Kai Ken - The Oldest and Purest Japanese Dog Breed
The Kai Ken was developed in Japan around the 1700s. The name comes from the ancient province in which it originated, and that today is in the prefecture of Yamanashi. Kai Ken were originally bred to hunt wild boar and deer in the mountainous country of the area, but are not commonly used in this capacity in modern times. The breed was first seen in the US in 1951, but did not become established for some years after that first importation. They are still not common except in their native Japan.
It was thought that the breed (along with many others) was declining in numbers after the influx of western breeds such as the Pointer and the German Shepherd after the First World War. In the 1930s, a study done by Mr Harao Isogai attempted to categorize and revive the native Japanese breed, and they are at no risk of extinction today.
The Kai Ken is a medium-sized breed of undeniably Japanese type. Height: 18 - 23 in (46 - 58 cm). Weight: 35 - 45 lb (16 - 21 kg), although some are said to grow as large as 60 lb (27 kg).
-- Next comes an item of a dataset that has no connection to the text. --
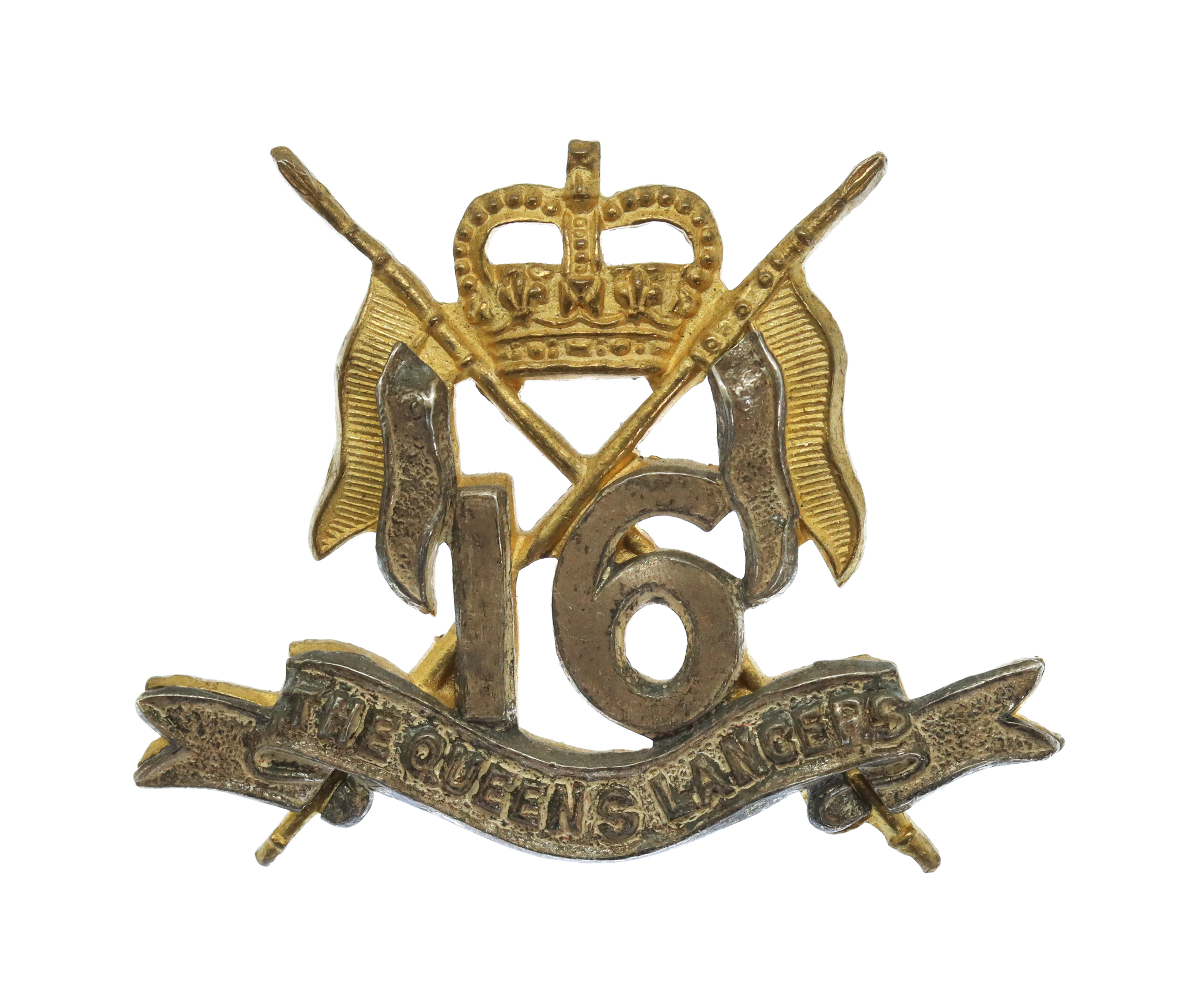 16th/5th Queen's Lancers Officer's Beret Badge - Queen's Crown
The head is large (but not as large as some other Japanese breeds) with a rounded skull and moderately long muzzle that tapers. The forward-facing upright ears are triangular and sit on top of the head; they are not large, but are larger than those of other medium-sized Japanese breeds. The neck is short, thick-set and muscular, and the chest is also large. The tail is thick and is set high on the back to reach forwards and over to one side in a single curl.
The Kai Ken has a harsh, straight outer coat, but the undercoat is soft and thick. They are always brindle in shades of red or black. The pups are born black and lighten as they age.
The Kai Ken is a dog for the real enthusiast. Although it is no longer used for its traditional role of hunting wild boar, this dog retains many of its original attributes. This is a proud, noble-spirited dog of quite remarkable intelligence. It is suitable for the more assertive owner who is prepared to maintain a strict control over the dog, particularly when it is young. The Kai Ken can make a good watch-dog and it should only be encouraged to bark at the sounds you want it to respond to.